Demand for electric vehicles will increase – if the price is right – Phys.Org

Posted: Monday, April 25, 2016
A new McMaster survey shows that consumer demand for electric vehicles like comparatively affordable Tesla Model X (left) and Model 3 (right) is likely to grow as the price of electric vehicles comes down. Credit: PHOTO BY STEVE JURVETSON    

According to a new McMaster-led survey, there’s pent up consumer demand for electric vehicles- if the price is right.

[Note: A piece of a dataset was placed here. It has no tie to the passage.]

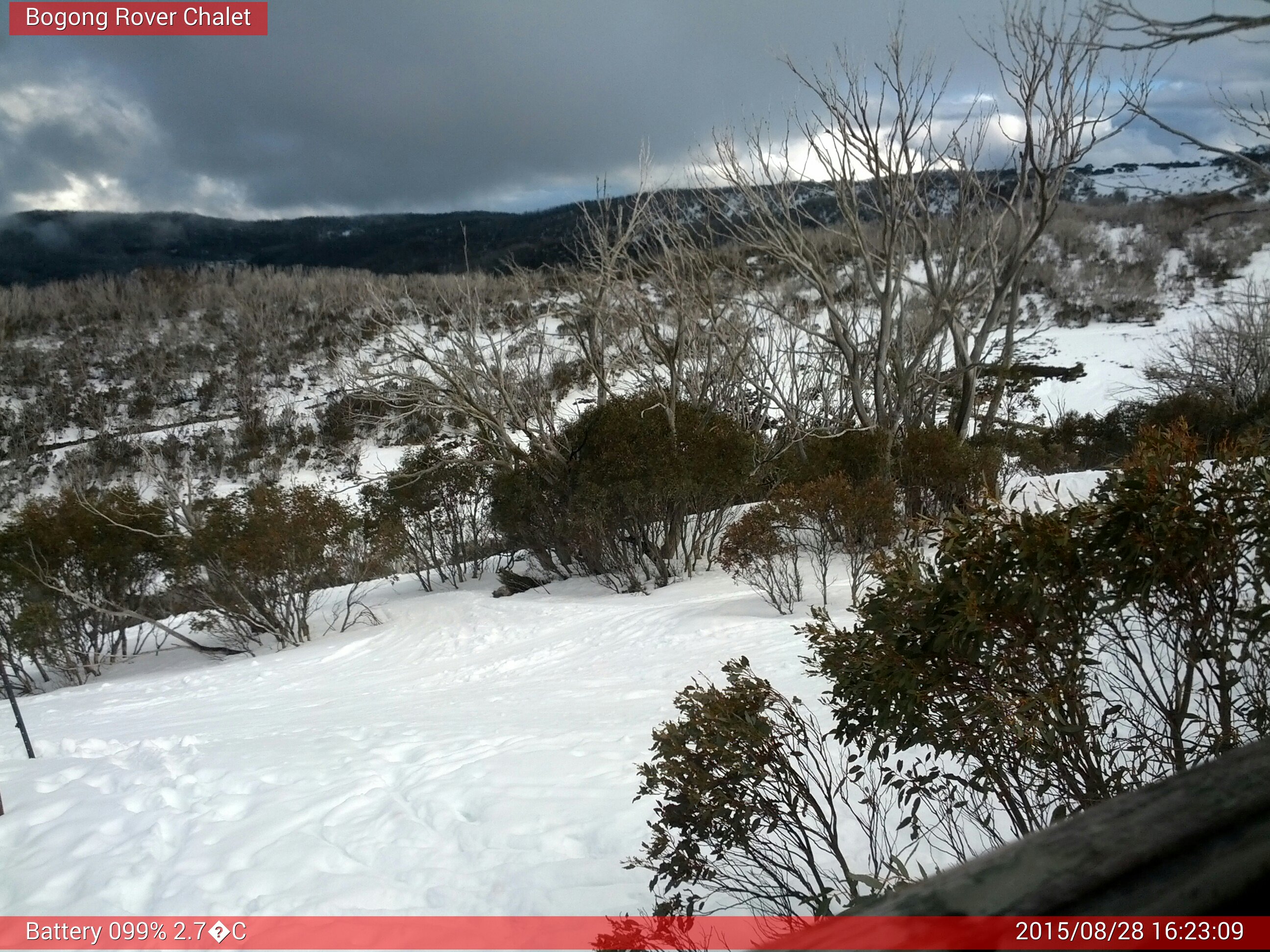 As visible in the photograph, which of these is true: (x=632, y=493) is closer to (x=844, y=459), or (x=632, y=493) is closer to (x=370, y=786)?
(x=844, y=459)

That was a key finding from a Canada-wide research survey of 20,000 households that looked at toward electric vehicles. The survey is an important component of a five-year research project: the Social Costs and Benefits of Electric Mobility in Canada led by Principal Investigator Pavlos Kanaroglou, Director of the McMaster Institute for Transportation and Logistics (MITL).

The survey showed that while only a tiny percentage of the population currently owns a fully electric or hybrid car, about 30% of Canadians are now open to the idea if electric vehicles become more affordable, making it likely that demand will increase over time as more lower-cost vehicles come on the market.

“In analysing our data, we found that there’s a large segment of the population that is price sensitive,” says Mark Ferguson, Senior Research Associate at MITL and a lead researcher who worked on the survey.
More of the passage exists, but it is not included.